晚上,妻子仍然忙得脱不开身,我就一个人过去,向陈爷陈奶报告这一消息。进了陈爷家的屋里,我对陈爷偷偷地挤了挤眼。陈爷就说:“怎么,倩倩的妈妈来电话了?”倩倩一听,马上仰起小脸儿,支楞着两只耳朵,两只亮晶晶的眼珠儿,直楞楞地盯住我对嘴唇,好像害怕我说出啥不好的消息来。我就故作神秘地压低嗓音,对着倩倩的耳朵,细声细气地说:“爸爸妈妈刚刚来了电话,说他(她)俩今天下午放了假,明天一早就来接倩倩喽!”倩倩听了,却不是我想象中的开心大笑,而是扑到奶奶的怀里,“哇”地一声大哭起来。

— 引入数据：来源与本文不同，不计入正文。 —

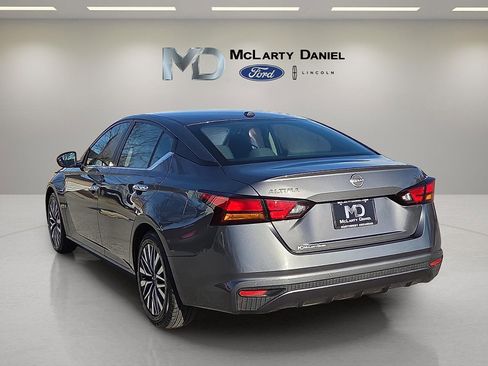 Used 2024 Nissan Altima 2.5 SV image 4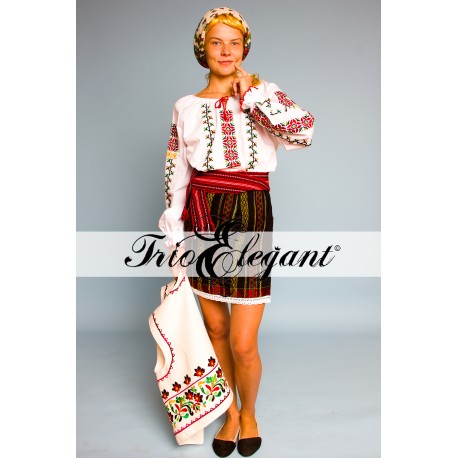 Costum National Moldovenesc femeiesc nr3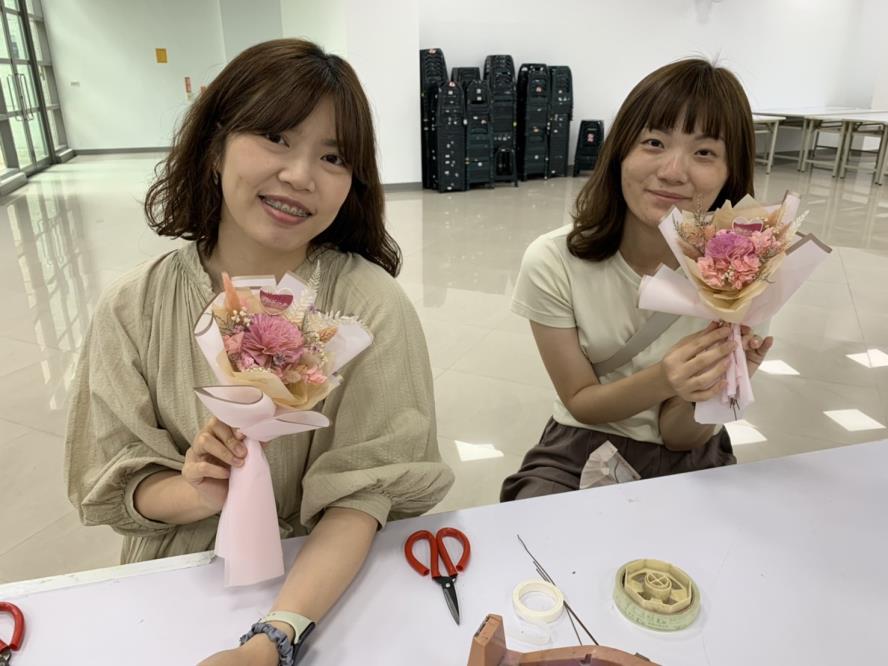 獻給媽媽母親節花束，滿滿的心意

并且一直紧紧地抱着奶奶的脖子不肯松手。好像现在就有人把她从奶奶的身边拉走似的。我把明天见面的事儿说了,并说和若梅俩口子商定,先去餐厅里吃顿饭。若直接来到家里,会引来闲人的观望。他(她)们不想弄得呼隆闪电的!想悄悄地把事情办了。不知妥不妥,让我先来征求你们二位老人的意见?陈爷说:“行呢、行呢,你们咋安排上就咋办!我能有啥意见呢!只要为了倩倩、咋家好办就咋家办!”

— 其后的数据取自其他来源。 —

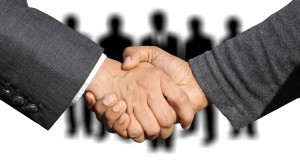 shaking-hands-3091908_1920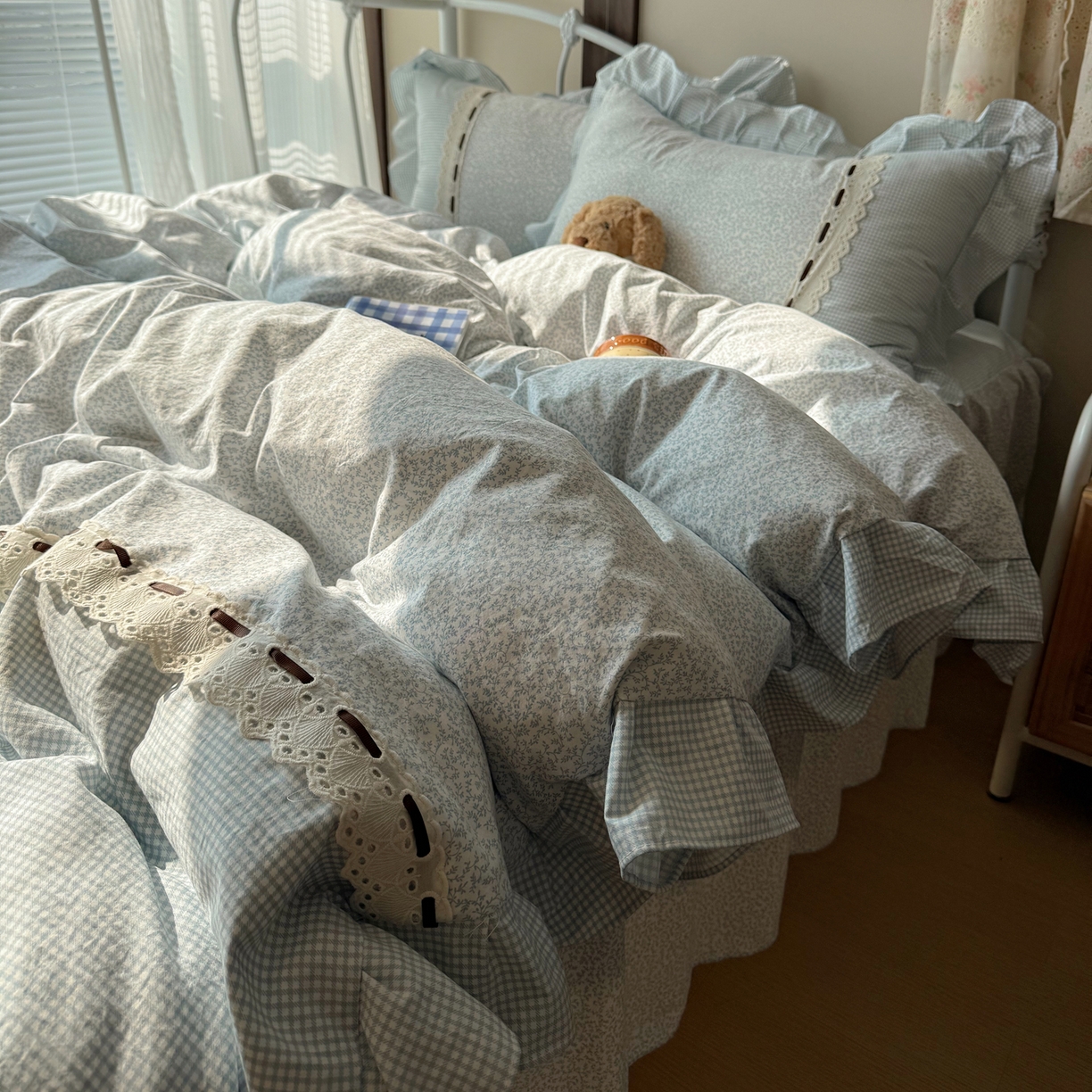 91家纺网 家纺一手货源 找家纺 韩都家居 2026春夏新款韩式小碎花水洗古棉花边四件套 秘境-兰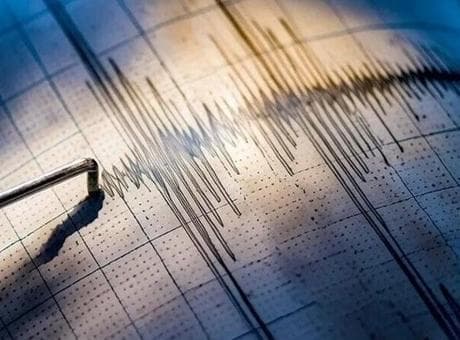 Endonezya'da 7,7 büyüklüğünde deprem: Tsunami alarmı verildi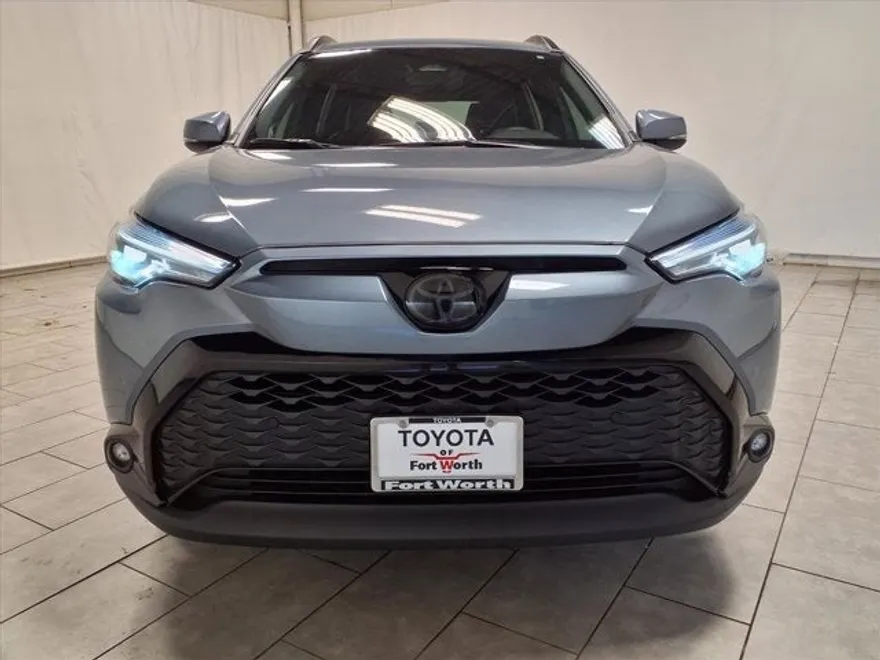 2024 Toyota Corolla Cross Hybrid XSE photo 1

第二天早上十点钟不到,若梅俩口子就坐班车来到了县城里,同三个月前相比,若梅换了个人似的,几乎年轻了好十几岁,一件翠绿色的羽绒大衣外。配了一条很醒目的红色长围巾,被染成葡萄紫色的披肩发,纹丝不乱。一身得体的藏蓝色的小西装,配着白衬衣,显出她作为知识女性的干练与爽朗。由于画了轻轻的淡妆,看上去甚至比她的实际年龄还要小些。而本来就比若梅显得年轻一些的许老师,倒是一身便服,反显出一种沉稳、庄重的气派。我们怕惊动了邻居们,就让若梅俩口子在我家稍微休息片刻,喝了杯水之后,由我妻子陪着,先一步去了餐厅,然后由我去接陈爷陈奶和小倩倩。

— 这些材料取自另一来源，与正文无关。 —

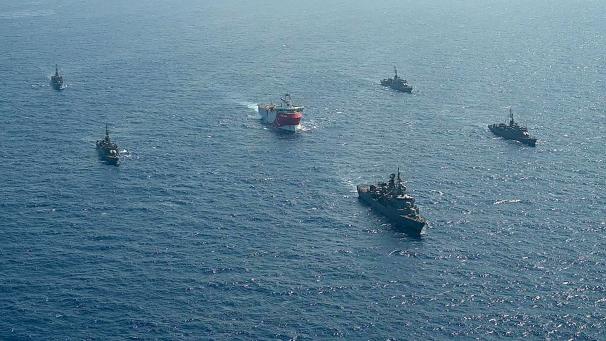 <p>Das türkische Forschungsschiff „Oruc Reis“ schippert durch das Mittelmeer. Begleitet wird der Kahn von der Marine.</p>
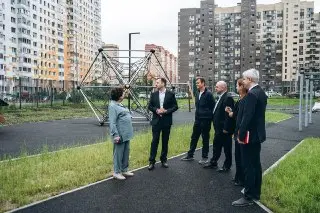 Строительство школы на 1100 мест в Лукино-Варино близится к завершению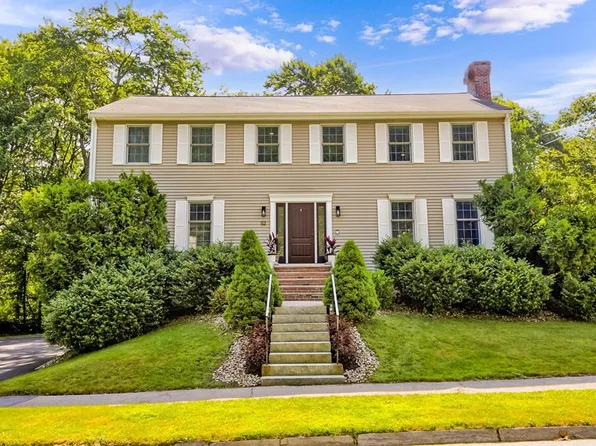 52 Woodridge Rd, Milford, MA 01757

我一进陈爷家的小街门,一直在屋门口守望着的倩倩就马上跑过来。我故作轻松的对倩倩说:“爸爸妈妈来喽!走呀。我们一起去见爸爸妈妈去吧!”倩倩一个劲儿的向我身后张望,我说:“爸爸妈妈先由你姨姨陪着,在餐厅里等着我们呢,我们这就陪爷爷奶奶到餐厅里去吧!”倩倩立刻让爷爷奶奶换上妈妈上次带来的全部行头。极度地兴奋,使倩倩神经质地颤栗起来。上次妈妈带来的那件翠绿色的裙袍上、那排细长的纽扣,竟然根本无法系上。而在平时,心灵手巧的倩倩,会在转眼之间就可以完成。倩倩在爷爷奶奶的帮助下,终于收拾停当,我们四个人打了的,只几分钟就到了预定的那家饭馆。
这时,还未到吃中午饭的时候,这家餐厅里没有其他来就餐的人。里里外外都静悄悄的,唯有操作间里的换气扇,正嗡嗡嗡地响着。我们四个人刚进了餐厅的门,若梅俩口子就马上从大堂的沙发上站起来,我们所有人的眼睛都盯在小倩倩的身上。走在我前面的小倩倩,像是舞台中央突然出现的一个令人耳目一新、顿生怜爱之情的蒙古族的小姑娘,要表演什么节目似的。倩倩在距若梅仅三、四步的地方停下来,小嘴儿一张一合地,却没有发出任何声音。脸上像是刚刚从昏睡中醒过来的表情,两只眼睛睁得老大,一遍遍地在若梅和一同走过来的许老师的脸上快速地、来来回回地盯着、扫着。随她的小胸脯渐渐快起来的一起一伏,鼻孔里的呼吸声也越来越大、越来越急促起来!终于,倩倩似乎再也无法憋下去了!就一下子张大嘴巴、发出了怪怪的、却又是小小的一声无语的哭喊!随后,倩倩像一只疲惫不堪的小麻雀,张开两只软软的翅膀似的,两只软耷耷的胳膊尽力超前伸出去,身子前倾,几乎快要跌倒了!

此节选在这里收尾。